The RCGP versus a bunch of Harvard graduates planted in the DoH, you know, the “advisers” – is a zero contest. The plan is set. The handshakes made. And slippery slope oiled. This NHS cake is too large and too juicy for bystanders to not set their positions. And to execute it, General Practice must fail. Each health secretary played their part in that. A selfish, narcissistic and ill lot. Who each have private cover, and for whom the NHS means little. Now we have an ex-investment banker leading the ship. Brilliant. And the Government will not aid in your survival, they’re all in on it. The sweet nothings and camouflage is transparent to the aware. To grind it down. Then re-procure it. You know, the Operose model. They only employ people in NHSE who are in on the game. The puppeteers. But what they don’t realise, is you will still need a work horse for time immemorial. You cant keep importing them. That won’t pass. And a premium will come in 10 years for that Generalist. Fragmentation is wholly disatisying, as is working at scale, it’s a fixed ideology based on little. Patients and the public are already seeing through this nonsense and those services that just deliver numbers and metrics. Plan wisely, your independent time will come. The Government will learn it’s lesson, either through anarchy, rebellion or investigation of this clever destruction.
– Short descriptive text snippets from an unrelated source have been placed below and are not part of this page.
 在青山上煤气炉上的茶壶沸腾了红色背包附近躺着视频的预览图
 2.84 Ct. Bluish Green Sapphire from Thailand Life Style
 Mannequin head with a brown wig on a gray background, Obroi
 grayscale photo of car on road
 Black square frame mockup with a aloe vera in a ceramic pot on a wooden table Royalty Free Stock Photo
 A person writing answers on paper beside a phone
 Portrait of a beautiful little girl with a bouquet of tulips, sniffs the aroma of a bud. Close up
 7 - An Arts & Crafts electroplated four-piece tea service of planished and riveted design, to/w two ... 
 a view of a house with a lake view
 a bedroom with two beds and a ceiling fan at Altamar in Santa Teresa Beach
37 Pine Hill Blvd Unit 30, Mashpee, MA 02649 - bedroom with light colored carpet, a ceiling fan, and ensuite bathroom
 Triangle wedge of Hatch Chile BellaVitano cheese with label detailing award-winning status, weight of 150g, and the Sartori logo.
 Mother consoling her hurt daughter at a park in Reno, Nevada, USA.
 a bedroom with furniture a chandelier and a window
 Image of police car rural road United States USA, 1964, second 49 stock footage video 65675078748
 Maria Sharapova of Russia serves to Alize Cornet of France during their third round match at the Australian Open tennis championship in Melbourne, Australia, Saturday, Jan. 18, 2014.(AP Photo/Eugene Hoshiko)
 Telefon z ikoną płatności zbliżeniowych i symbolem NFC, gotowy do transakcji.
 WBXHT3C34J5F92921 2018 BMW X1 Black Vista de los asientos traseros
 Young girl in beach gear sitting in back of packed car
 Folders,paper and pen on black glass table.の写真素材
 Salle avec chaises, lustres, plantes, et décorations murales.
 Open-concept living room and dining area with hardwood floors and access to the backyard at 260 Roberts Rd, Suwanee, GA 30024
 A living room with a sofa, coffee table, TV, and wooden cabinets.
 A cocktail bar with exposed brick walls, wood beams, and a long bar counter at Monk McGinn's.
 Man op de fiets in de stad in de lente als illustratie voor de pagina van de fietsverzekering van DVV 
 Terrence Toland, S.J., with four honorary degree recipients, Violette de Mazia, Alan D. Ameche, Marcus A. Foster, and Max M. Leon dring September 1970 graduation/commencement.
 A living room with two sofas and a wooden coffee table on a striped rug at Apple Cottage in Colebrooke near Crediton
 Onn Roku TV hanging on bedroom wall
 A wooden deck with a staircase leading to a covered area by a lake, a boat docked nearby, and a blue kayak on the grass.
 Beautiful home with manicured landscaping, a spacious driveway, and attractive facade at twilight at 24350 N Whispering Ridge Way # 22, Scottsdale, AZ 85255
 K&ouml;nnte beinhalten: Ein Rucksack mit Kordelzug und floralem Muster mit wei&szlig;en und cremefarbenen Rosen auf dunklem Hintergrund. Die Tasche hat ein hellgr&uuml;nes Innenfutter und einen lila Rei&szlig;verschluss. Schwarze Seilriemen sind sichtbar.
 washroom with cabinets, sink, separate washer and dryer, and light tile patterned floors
The sell-off is no different to any other UK sector, but with more golden handshakes to be made, and massive collateral damage to come.

Hello My name is 28 April, 2022 10:03 am

Problem is, he is just plain wrong!

Michael Mullineux 28 April, 2022 11:29 am

Not really vision, just more establishment groupthink

David Evans 29 April, 2022 9:30 am

4.00 pm 27 4 2920

Your plan is ?

The only option is to manage demand in a constructive and timely manner.
We have to think outside the box otherwise those guys from Harvard will be calling the shots.

All the options put forward by Professor Martin need serious consideration and time is running out.

Doing nothing is going to have serious consequences for the destiny of UK General Practice

Finola ONeill 30 April, 2022 9:18 am

Evans, all that is needed is more funding to surgeries through core contracts and we will sort out the rest. General Practice does 90% of NHS consultations for 8% of budget. There is nothing to “fix’ FFS except giving us some more funding so we can do 95%. We don’t need additional roles. The PCN and urgent care paramedics need to go back to the failing ambulance services, the pharmacists to the failing community pharmacies, the physios to the 8 month waiting list hospital physio dept and we need some funding for more receptionists to answer our phones; the biggest bugbear for patients is they can’t bloody get through.
Working at scale my backside. This is bullshit. There is nothing to fucking fix except the ridiculous underfunding of the core contract, the media smear campaign and Martin Marshall’s logic.
3% more of the NHS budget. More receptionists. Longer appointments and more time to get our work done and GPs wouldn’t all be driven to half time work, locum work and leaving the profession.
We probably already have enough trained GPs.
What we don’t have is a sustainable working day that doesn’t make you want to kill yourself every time you get through it.
And population health is bloody public health and central government’s work.
Obesity, diabetes, mental health; need decent community facilities + fast food, processed food, sugar tax; advertising bans, etc.
We do secondary prevention.
Public health policy and the government bloody doing anything right is primary prevention.
My advice about what to eat is not going to get the 50% of our obese population losing weight.

David Jarvis 4 May, 2022 10:52 am

On the obesity crisis if all but a few practices go private could we build the free practice at the top of a large hill that you have to walk up to get there. Multiple problems fixed in one go. I’ll take the top of Coniston Old Man.